Turning now to FIG. 2, there is provided a partial sectional view of the assembly of FIG. 1 wherein the orientation of the rotor 50 and the stator 52 are more particularly shown. As illustrated, the gimbal mechanism provided by the bar 24 maintains an air gap 54 between the rotor and the stator. The air gap 54 may have a constant width, or may have a width that varies with rotation of the handle, depending on the application.
In the illustrated embodiment two degrees of freedom are achieved. The degrees of freedom represent two orthogonal coordinates similar to the x and y axis in a Cartesian coordinate system, i.e. the standard θ and φ of spherical geometry. One degree of freedom may be considered “left to right” movement in FIG. 2, and another degree of freedom may be movement into and out of the page in FIG. 2.
Torque is created at the output of the motor, e.g. the handle 20, by selectively energizing the windings using an internal or external power supply.

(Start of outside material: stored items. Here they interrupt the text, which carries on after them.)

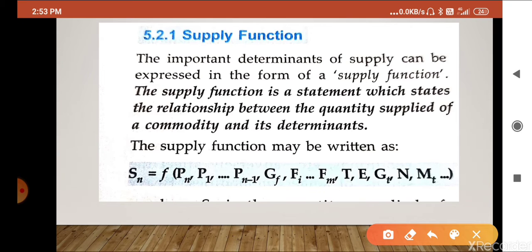The determinants of supply include: price of the commodity, goals of firms, input prices, techniques of production, nature of the commodity, natural factors, agreement among producers, and transport and communication facilities. All these things are known as determinants of supply. If this question comes in two marks, you have to write with the equation mentioned in the blue box and explain what the symbols indicate.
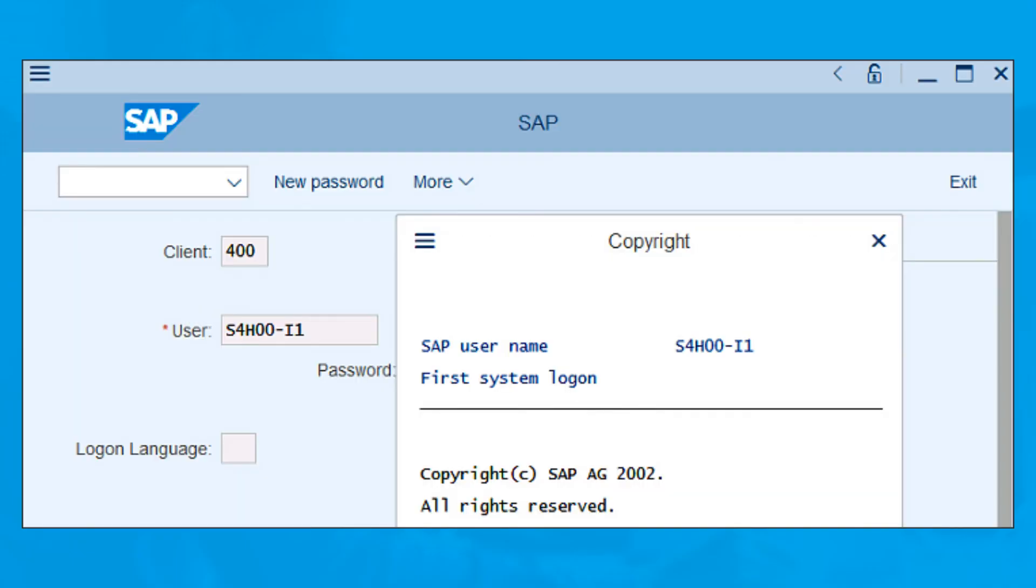A copyright window will tell you if you're logging in for the first time. Press enter to skip this window.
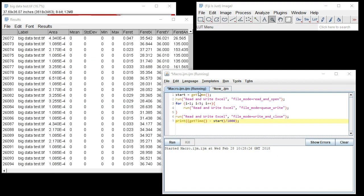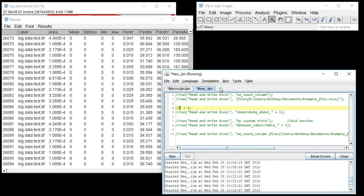But like I mentioned before, this regular implementation will be fine for the majority of users. Thank you for listening. This was a tutorial on the use of the Read and Write Excel plugin version 1.1.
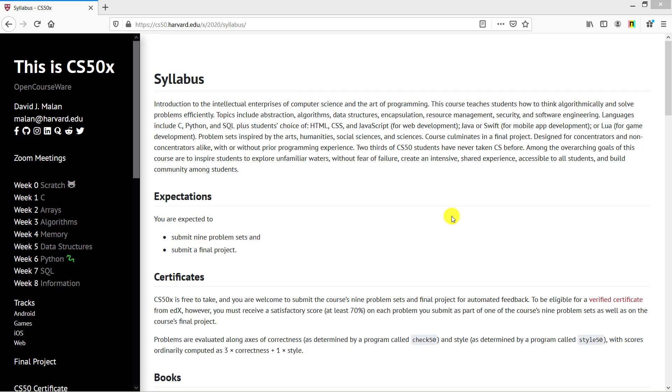As for expectations, you are expected to submit nine problems and a final project. CS50x is free to take without any cost.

In the embodiment illustrated in FIG. 2, electrical current runs into and out of the page in the lower coil 16. The lower coil 16 is used for actuation left-to-right, i.e., lateral movement, producing a roll rotation direction.
In the upper coil 18, which is positioned immediately above the lower coil, electrical current runs to the left and right of the page. The coil 18 used for actuation of the motor into and out of the page. The positive electrical current in this coil travels from left-to-right in the leg of the coil shown in FIG. 2, and right to left on the far side of the coil, which is not shown in FIG. 2. The actuation for force (torque) into and out-of the page is achieved using the magnets 40,44. The into- and out-of-page motion produces a pitch rotation in a joystick application.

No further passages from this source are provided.